* [What you are asked to do]
In the listing below, the lines starting with the line with "newcastle aston villa jamie redknapp pundit" and going on through the line with "Femme Funn Rora" are to be reproduced exactly, and only those.

* [Record extracts]
=== Begin Enclosure ===

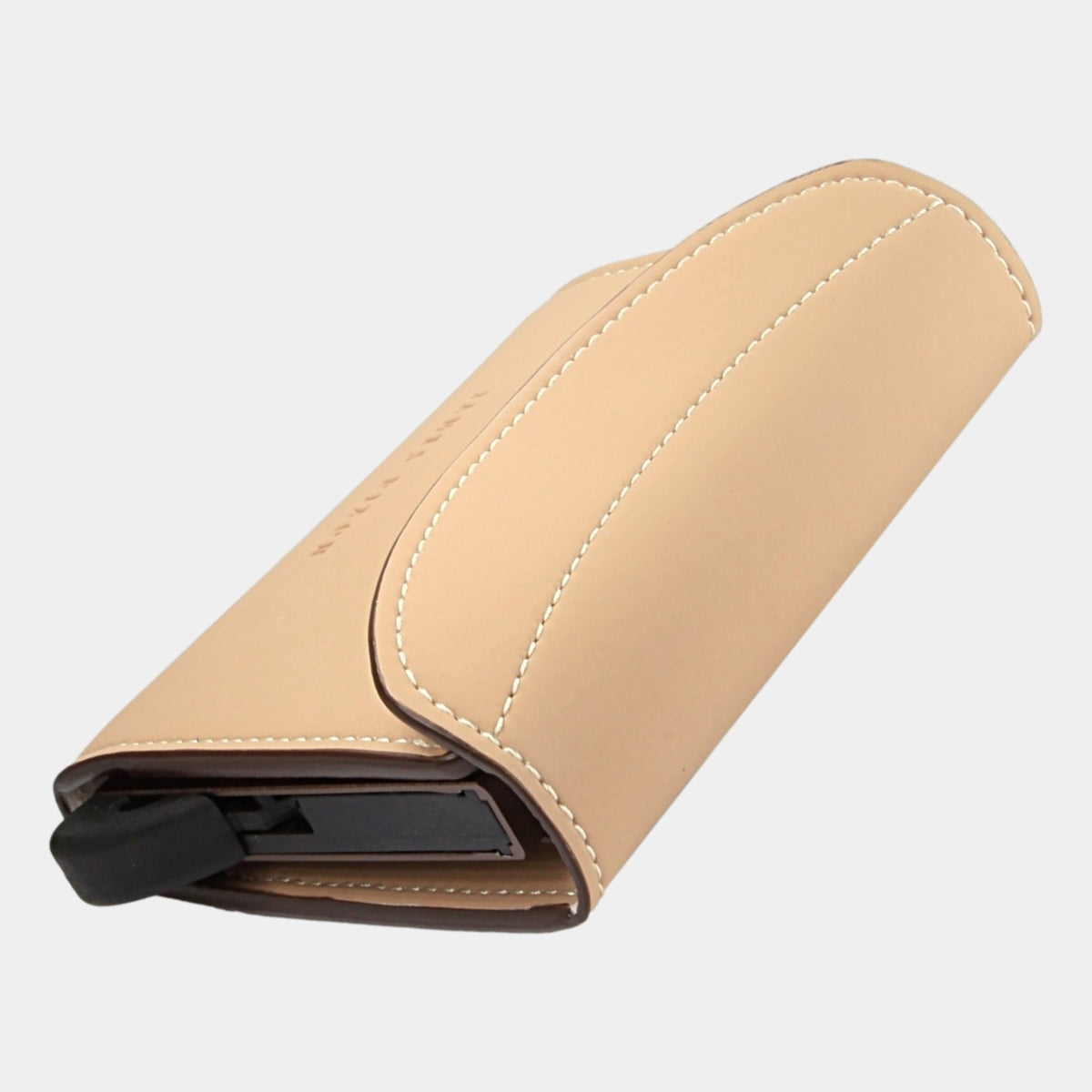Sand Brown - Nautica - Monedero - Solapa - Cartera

=== End Enclosure ===
=== Begin Enclosure ===

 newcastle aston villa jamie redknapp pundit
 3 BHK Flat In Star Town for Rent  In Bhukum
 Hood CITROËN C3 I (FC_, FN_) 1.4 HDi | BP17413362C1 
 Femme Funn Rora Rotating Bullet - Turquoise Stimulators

=== End Enclosure ===

* [Completed task]
 newcastle aston villa jamie redknapp pundit
 3 BHK Flat In Star Town for Rent  In Bhukum
 Hood CITROËN C3 I (FC_, FN_) 1.4 HDi | BP17413362C1 
 Femme Funn Rora Rotating Bullet - Turquoise Stimulators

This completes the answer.